- _ACTION ITEM_
Every line from the one holding "2019 Hyundai iMax Wagon TQ4 MY19 Elite image" to the end of the entries should be repeated exactly, with the pictures left out.

(Captioned web images)

↓

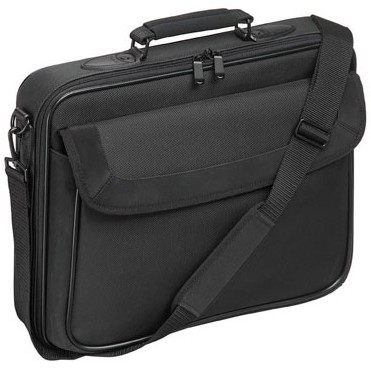 Oferte la Geanta notebook Targus, TAR300, 15.6 Polyester, Black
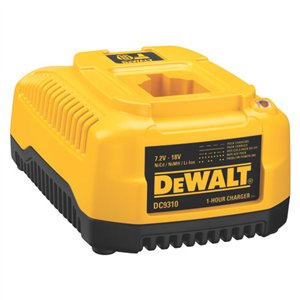 7.2V-18V 1 Hour Charger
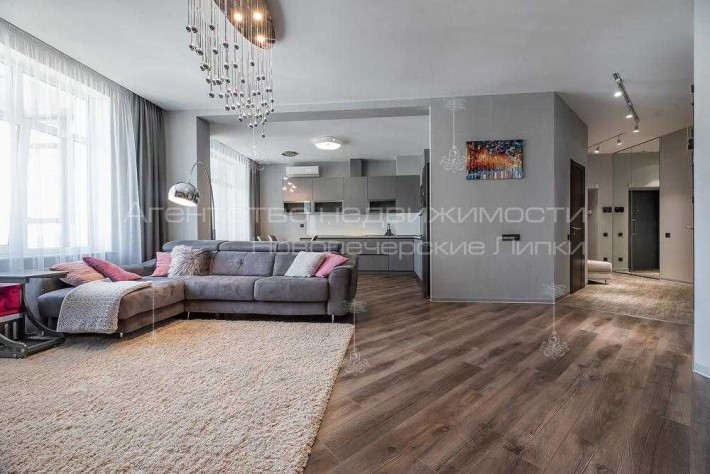 Оренда 3к квартири ЖК Новопечерські Липки 120м2 - фото 1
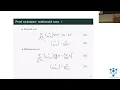 QIP2023 Solving boolean satisfiability problems with the quantum approx optimization algorithm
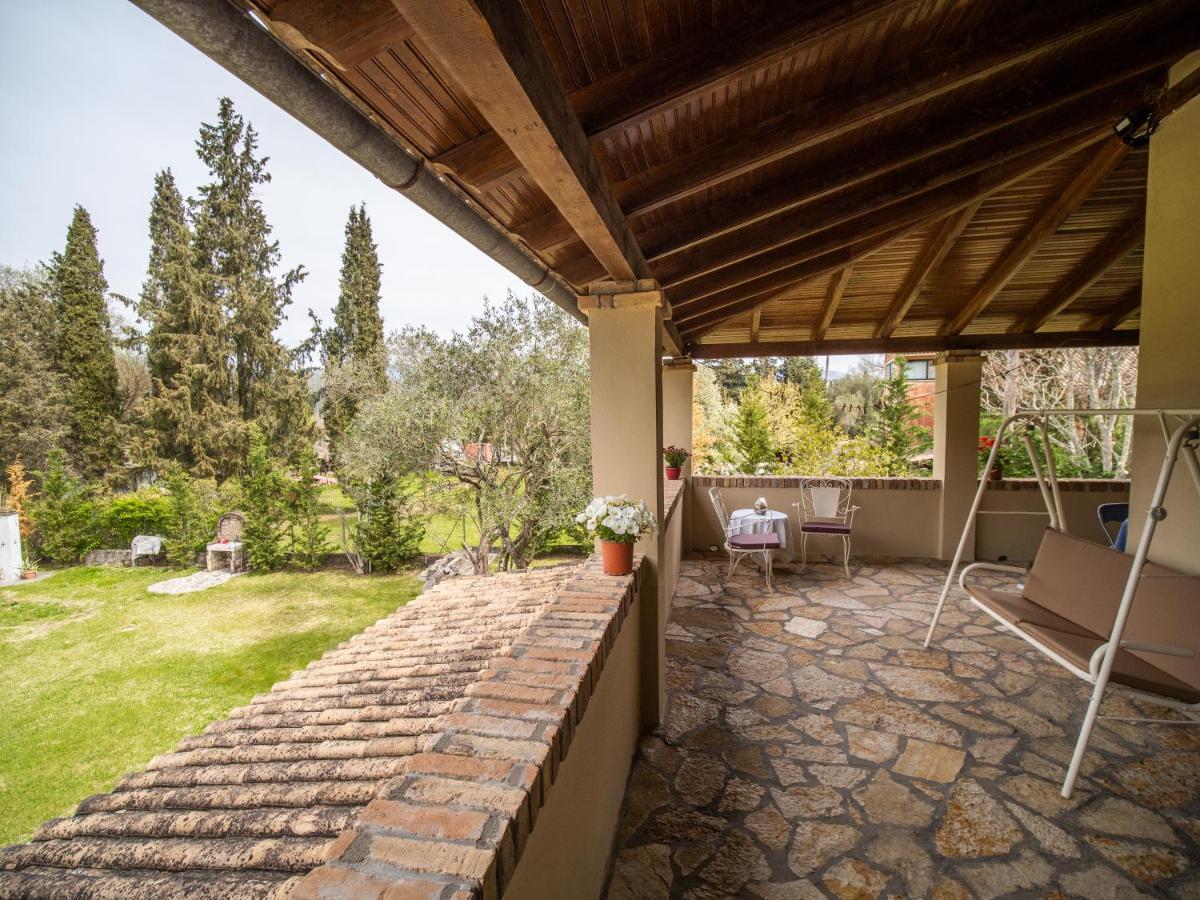 Villa Haris Gazatika Bagian luar foto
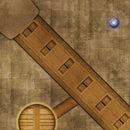 FLG Mats: Interstellar City-2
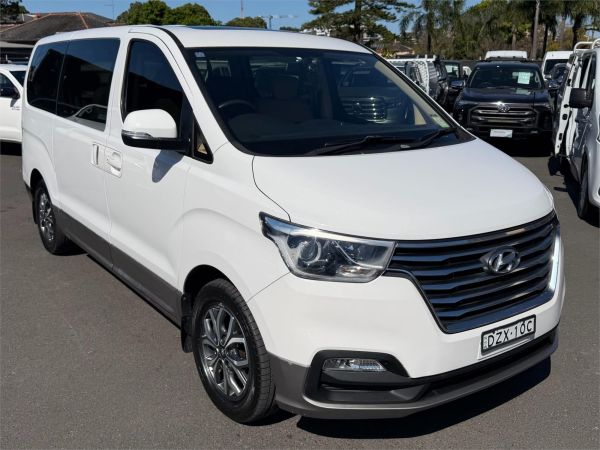 2019 Hyundai iMax Wagon TQ4 MY19 Elite image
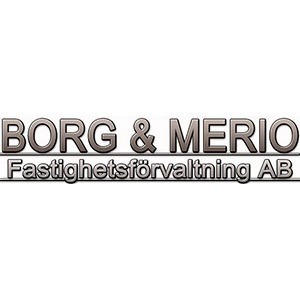 Borg & Merio Fastighetsförvaltning AB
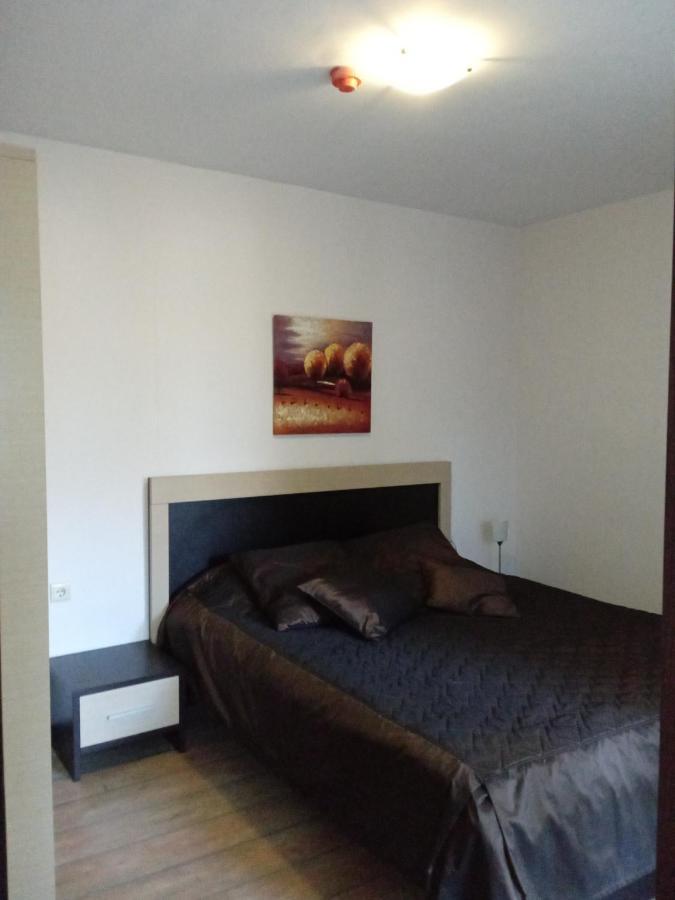 Private Apartments In Alpine Lodge Bansko Luaran gambar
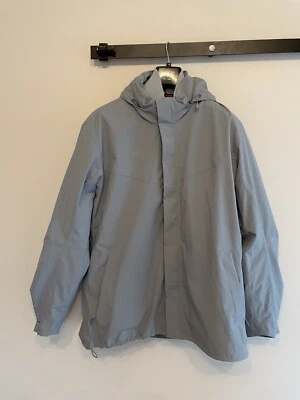 Mammut Trovat HS 3 in 1 Hardshell Herren Jacke 2XL Grau - Bild 1 von 4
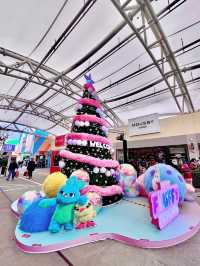［聖誕節🎄］台中港三井Outlet-來看皮克斯動畫💜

↑

- _RESULT_
 2019 Hyundai iMax Wagon TQ4 MY19 Elite image
 Borg & Merio Fastighetsförvaltning AB
 Private Apartments In Alpine Lodge Bansko Luaran gambar
 Mammut Trovat HS 3 in 1 Hardshell Herren Jacke 2XL Grau - Bild 1 von 4
［聖誕節🎄］台中港三井Outlet-來看皮克斯動畫💜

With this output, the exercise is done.